Task to carry out: In the entries below, find the line with "Microbe-Lift Aqua-Pure 118 ml MHD 02/2026", then set it down exactly along with each line after it to the end, skipping any pictures.

[[ The records open ]]

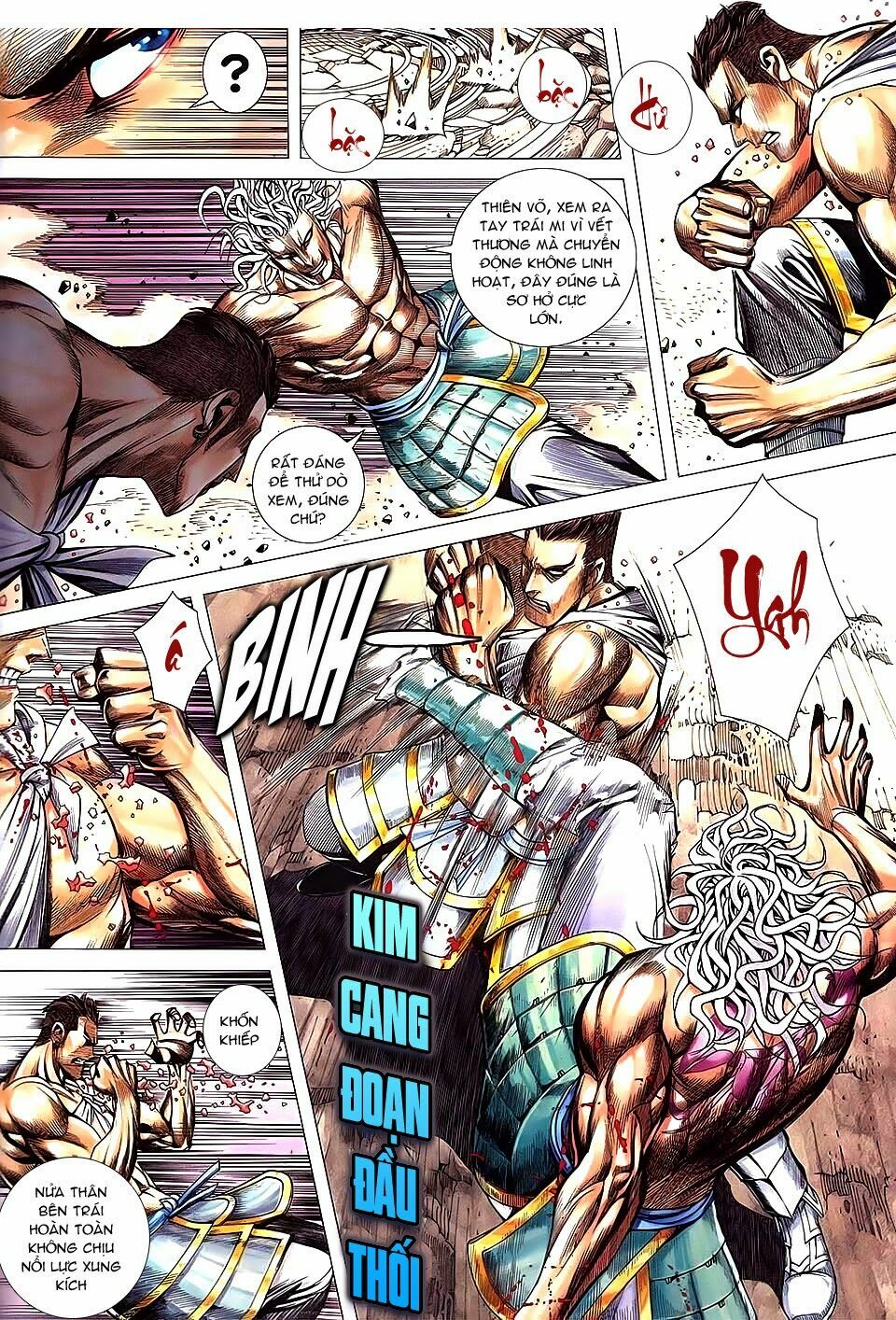 phong thần ký chapter 165 7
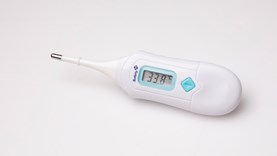 Safety 1st 3 in 1 Nursery Thermometer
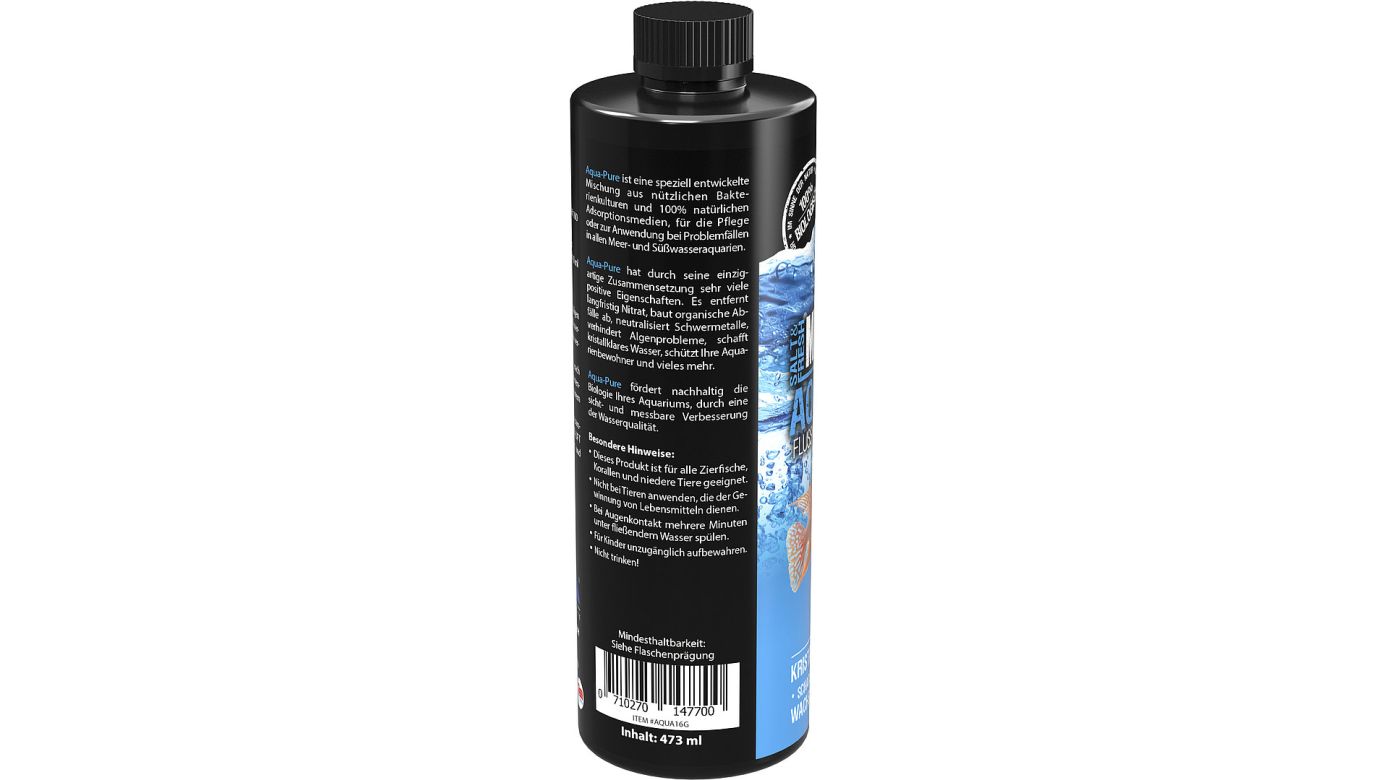 Microbe-Lift Aqua-Pure 118 ml MHD 02/2026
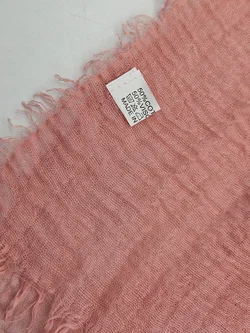 Damen Schal - rosa - Bild 3
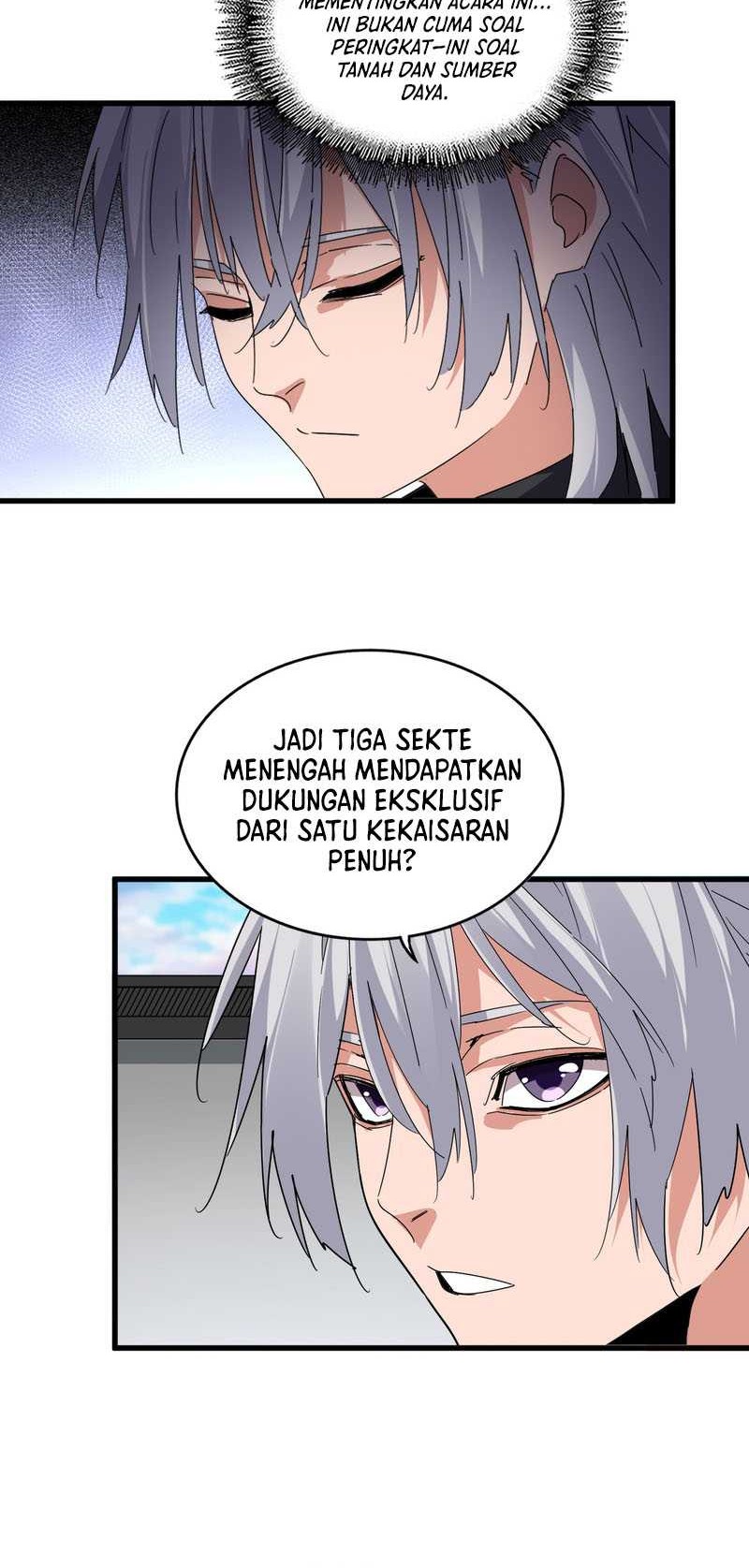 Magic Emperor Chapter 655 page 21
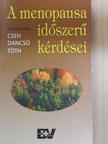 Ács Nándor - A menopausa időszerű kérdései [antikvár]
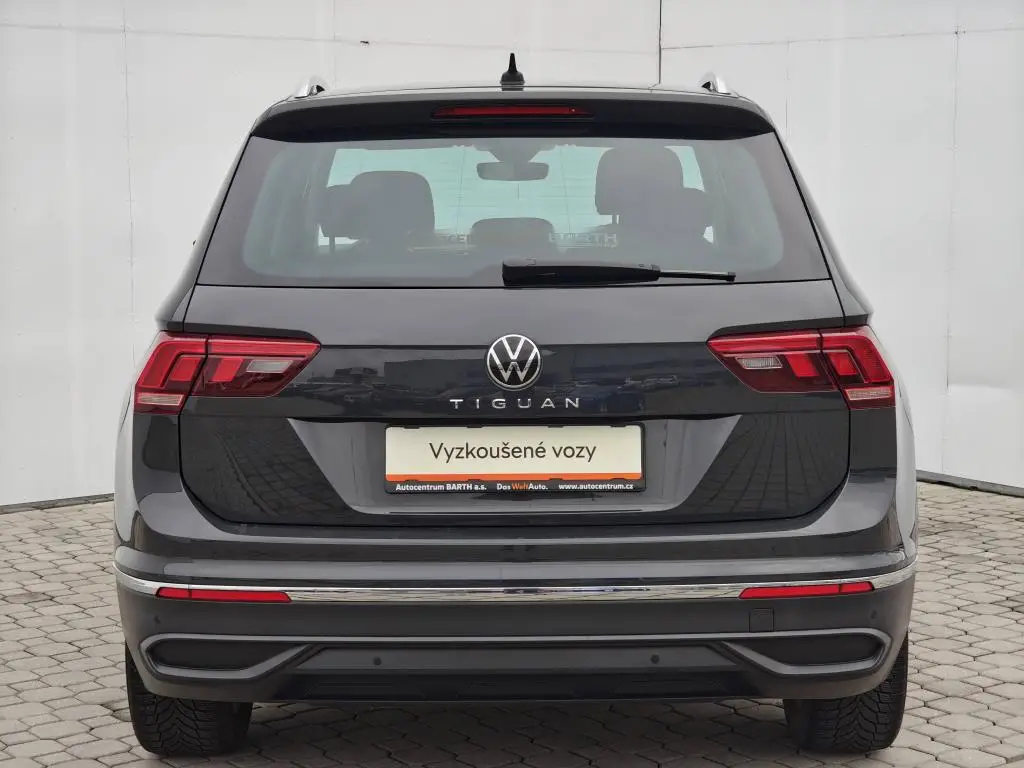 Volkswagen Tiguan Life 2,0TDI / 110kW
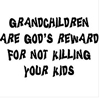 Grandchildren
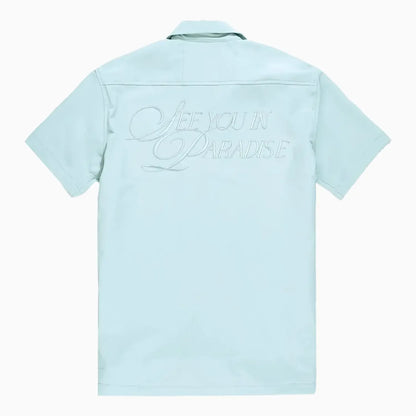 Men's Retro Oakland Mechanic Outfit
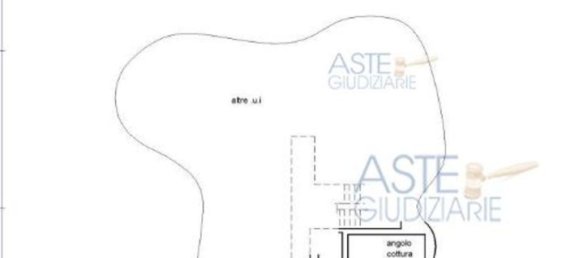 Квартира с 2 комнатами в Фаэнца, Италия № 93547 22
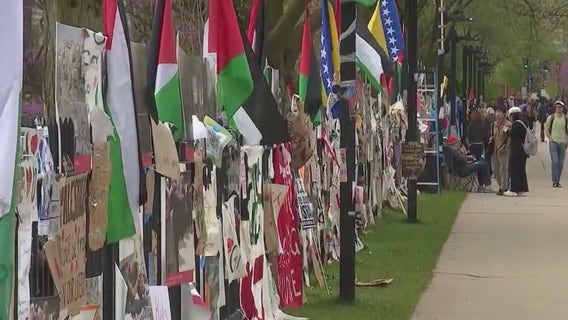 Northwestern student files class action lawsuit claiming school failed to protect Jewish students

[[ The records closed ]]

Answer to the exercise:
 Microbe-Lift Aqua-Pure 118 ml MHD 02/2026
 Damen Schal - rosa - Bild 3
 Magic Emperor Chapter 655 page 21
 Ács Nándor - A menopausa időszerű kérdései [antikvár]
 Volkswagen Tiguan Life 2,0TDI / 110kW
 Grandchildren
 Men's Retro Oakland Mechanic Outfit
 Квартира с 2 комнатами в Фаэнца, Италия № 93547 22
 Northwestern student files class action lawsuit claiming school failed to protect Jewish students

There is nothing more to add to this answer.